No, you should see *RFC793* and *RFC1192* for a description of the
protocol. Hobby pages can't possibly be a reliable source of
information. Numerous errors I told this author about last year are are
still there:

'It [TCP] is a symmetrical peer to peer protocol'. It is a client-server
protocol.

'Java offers Socket.setSoTimeout to control how long you are willing to
wait while the receiver blocks ... setSoTimeout has no effect on how
long you are willing to wait for a read (how long you are willing to
wait for the other end to produce data), just on how long you are
willing for your write to complete (how long you are willing for the
other end to keep advertising 0 buffer space for more incoming
packets).' This is self-contradictory, and the part after ... is 100%
back to front.

'I have found Java’s connection continuity testing to be less that 100%
reliable.' Java doesn't have any connection continuity testing. There
isn't any in TCP/IP either, other than the optional keepalive feature.

'[in keepalive] Each end with nothing to say just periodically sends an
empty data packet with its current sequence, acknowledgement and window
numbers.' If that was true it wouldn't provoke a response, so the
keepalive feature wouldn't work. In fact RFC1192 says 'Such a segment
generally contains SEG.SEQ = SND.NXT-1 and may or may not contain one
garbage octet of data.'.

> Since this assignment is automatic and handled by the OS I
> can't think of a situation where it matters.

It matters with some over-configured client-side firewalls where an
over-zealous netadmin has tried to restrict the outgoing port numbers.
This is a misconfiguration exercise but it is encountered in practice.

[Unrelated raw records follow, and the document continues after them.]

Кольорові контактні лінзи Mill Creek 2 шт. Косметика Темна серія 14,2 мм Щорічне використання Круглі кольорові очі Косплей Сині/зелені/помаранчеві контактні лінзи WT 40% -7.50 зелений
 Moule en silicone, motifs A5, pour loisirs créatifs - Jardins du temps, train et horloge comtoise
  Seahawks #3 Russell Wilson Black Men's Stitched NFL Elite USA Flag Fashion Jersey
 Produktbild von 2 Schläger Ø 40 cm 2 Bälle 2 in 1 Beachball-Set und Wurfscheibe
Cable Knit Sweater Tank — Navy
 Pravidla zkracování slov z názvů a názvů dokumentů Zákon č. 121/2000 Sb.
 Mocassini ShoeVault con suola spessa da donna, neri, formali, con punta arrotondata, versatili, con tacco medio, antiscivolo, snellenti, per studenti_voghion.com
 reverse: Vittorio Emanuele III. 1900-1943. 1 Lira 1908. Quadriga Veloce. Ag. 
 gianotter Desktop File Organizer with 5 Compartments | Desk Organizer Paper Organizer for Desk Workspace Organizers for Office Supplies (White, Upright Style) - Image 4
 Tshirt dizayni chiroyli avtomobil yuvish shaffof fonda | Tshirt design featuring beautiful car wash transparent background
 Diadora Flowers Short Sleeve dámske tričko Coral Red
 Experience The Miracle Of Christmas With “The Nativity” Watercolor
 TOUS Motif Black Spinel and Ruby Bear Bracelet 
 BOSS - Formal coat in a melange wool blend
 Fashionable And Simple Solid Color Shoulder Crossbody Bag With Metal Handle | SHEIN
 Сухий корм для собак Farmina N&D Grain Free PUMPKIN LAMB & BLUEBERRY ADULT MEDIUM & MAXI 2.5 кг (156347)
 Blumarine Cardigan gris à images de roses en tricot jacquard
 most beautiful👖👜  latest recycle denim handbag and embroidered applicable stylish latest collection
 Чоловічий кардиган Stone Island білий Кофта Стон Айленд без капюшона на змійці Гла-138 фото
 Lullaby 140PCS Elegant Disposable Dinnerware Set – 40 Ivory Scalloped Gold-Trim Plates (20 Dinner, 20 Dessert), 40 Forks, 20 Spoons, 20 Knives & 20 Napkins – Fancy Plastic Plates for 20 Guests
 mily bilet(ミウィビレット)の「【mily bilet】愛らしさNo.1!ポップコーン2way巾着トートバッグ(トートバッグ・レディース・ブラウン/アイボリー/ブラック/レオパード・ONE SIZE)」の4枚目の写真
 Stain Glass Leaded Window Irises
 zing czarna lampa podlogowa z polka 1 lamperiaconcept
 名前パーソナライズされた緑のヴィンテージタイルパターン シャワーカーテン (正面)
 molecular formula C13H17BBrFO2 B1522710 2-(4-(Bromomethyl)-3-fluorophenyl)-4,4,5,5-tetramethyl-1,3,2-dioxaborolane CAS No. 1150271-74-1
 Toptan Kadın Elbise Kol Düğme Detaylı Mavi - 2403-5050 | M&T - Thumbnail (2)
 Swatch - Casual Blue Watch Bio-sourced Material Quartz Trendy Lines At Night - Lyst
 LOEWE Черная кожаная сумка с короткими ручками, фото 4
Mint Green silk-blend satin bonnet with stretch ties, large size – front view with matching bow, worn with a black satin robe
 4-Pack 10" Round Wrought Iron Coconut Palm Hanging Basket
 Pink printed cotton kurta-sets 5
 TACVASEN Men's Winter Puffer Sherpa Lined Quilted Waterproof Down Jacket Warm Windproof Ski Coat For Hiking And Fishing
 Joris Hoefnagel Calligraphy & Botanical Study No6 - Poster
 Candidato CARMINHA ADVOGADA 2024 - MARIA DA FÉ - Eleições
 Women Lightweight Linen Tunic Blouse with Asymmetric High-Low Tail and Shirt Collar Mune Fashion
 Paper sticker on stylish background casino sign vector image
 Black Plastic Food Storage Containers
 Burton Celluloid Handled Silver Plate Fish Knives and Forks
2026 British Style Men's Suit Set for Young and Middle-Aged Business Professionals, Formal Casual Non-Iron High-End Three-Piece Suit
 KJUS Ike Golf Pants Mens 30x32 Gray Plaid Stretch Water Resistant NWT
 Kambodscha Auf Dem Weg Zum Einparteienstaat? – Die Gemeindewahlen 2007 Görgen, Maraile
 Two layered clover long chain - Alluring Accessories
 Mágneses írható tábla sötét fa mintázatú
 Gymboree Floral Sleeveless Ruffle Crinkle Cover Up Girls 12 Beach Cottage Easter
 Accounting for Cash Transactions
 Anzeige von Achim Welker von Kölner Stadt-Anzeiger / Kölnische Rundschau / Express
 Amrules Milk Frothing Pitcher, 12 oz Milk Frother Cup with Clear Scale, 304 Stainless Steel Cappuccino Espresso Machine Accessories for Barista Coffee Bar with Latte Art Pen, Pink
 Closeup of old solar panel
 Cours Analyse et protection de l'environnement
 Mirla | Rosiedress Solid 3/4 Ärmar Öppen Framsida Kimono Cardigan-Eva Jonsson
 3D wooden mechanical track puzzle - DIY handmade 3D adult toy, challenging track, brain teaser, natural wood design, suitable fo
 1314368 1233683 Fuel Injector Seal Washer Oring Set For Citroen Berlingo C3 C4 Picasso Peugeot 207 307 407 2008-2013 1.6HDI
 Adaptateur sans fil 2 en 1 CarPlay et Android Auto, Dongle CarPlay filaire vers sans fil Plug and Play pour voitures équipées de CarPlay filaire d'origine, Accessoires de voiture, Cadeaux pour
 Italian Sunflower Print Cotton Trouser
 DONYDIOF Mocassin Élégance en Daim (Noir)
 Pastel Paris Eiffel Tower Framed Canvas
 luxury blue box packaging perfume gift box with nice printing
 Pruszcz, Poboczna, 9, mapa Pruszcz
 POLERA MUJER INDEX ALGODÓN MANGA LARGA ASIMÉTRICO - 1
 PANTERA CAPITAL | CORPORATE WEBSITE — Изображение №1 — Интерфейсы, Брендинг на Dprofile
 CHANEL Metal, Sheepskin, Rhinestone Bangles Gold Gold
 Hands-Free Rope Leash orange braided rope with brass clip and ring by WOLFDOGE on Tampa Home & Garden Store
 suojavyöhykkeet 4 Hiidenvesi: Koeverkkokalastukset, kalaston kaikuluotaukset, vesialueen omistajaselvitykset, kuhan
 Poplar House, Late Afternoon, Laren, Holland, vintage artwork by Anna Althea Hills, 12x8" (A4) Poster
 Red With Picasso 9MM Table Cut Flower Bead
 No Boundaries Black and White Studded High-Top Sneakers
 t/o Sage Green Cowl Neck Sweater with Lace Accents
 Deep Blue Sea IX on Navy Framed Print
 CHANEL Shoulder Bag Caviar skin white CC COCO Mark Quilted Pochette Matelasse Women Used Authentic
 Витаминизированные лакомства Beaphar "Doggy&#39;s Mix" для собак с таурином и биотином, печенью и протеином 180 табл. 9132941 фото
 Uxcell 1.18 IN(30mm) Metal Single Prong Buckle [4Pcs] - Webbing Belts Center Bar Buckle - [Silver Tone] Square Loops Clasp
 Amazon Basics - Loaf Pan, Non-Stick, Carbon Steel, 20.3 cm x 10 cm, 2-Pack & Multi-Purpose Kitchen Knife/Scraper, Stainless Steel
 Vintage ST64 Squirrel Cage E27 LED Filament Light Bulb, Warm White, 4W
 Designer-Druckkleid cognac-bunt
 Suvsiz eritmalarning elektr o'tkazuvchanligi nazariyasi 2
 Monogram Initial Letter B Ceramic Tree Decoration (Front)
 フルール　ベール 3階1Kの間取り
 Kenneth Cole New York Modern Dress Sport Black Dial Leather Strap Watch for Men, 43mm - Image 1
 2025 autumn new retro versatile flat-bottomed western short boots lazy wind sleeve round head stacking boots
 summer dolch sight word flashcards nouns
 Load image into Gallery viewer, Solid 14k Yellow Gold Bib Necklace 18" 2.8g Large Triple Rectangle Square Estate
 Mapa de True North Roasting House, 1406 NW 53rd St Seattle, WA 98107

'Thus the number of hops is not critical. What is critical is the
bottleneck hop. (which varies since packets don’t take the precise same
route).'

We discussed this before. What is critical is the *total delay,* whether
compounded of lots of hops, or a long delay at a single hop, or anything
in between. Typically there will be a large delay at ADSL connection
points, and both the client and the server may have one of these.

Lew

unread,
Jan 29, 2008, 8:40:28 PM1/29/08
to
EJP wrote:
> Peter Duniho wrote:
>> "If the address is null, then the system will pick up an ephemeral
>> port and a valid local address to bind the socket".
>
> This piece of documentation is incorrect. It doesn't pick a 'valid local
> address', it picks INADDR_ANY. That's not what I would call a 'valid
> local address' at all, it's the union of all local addresses.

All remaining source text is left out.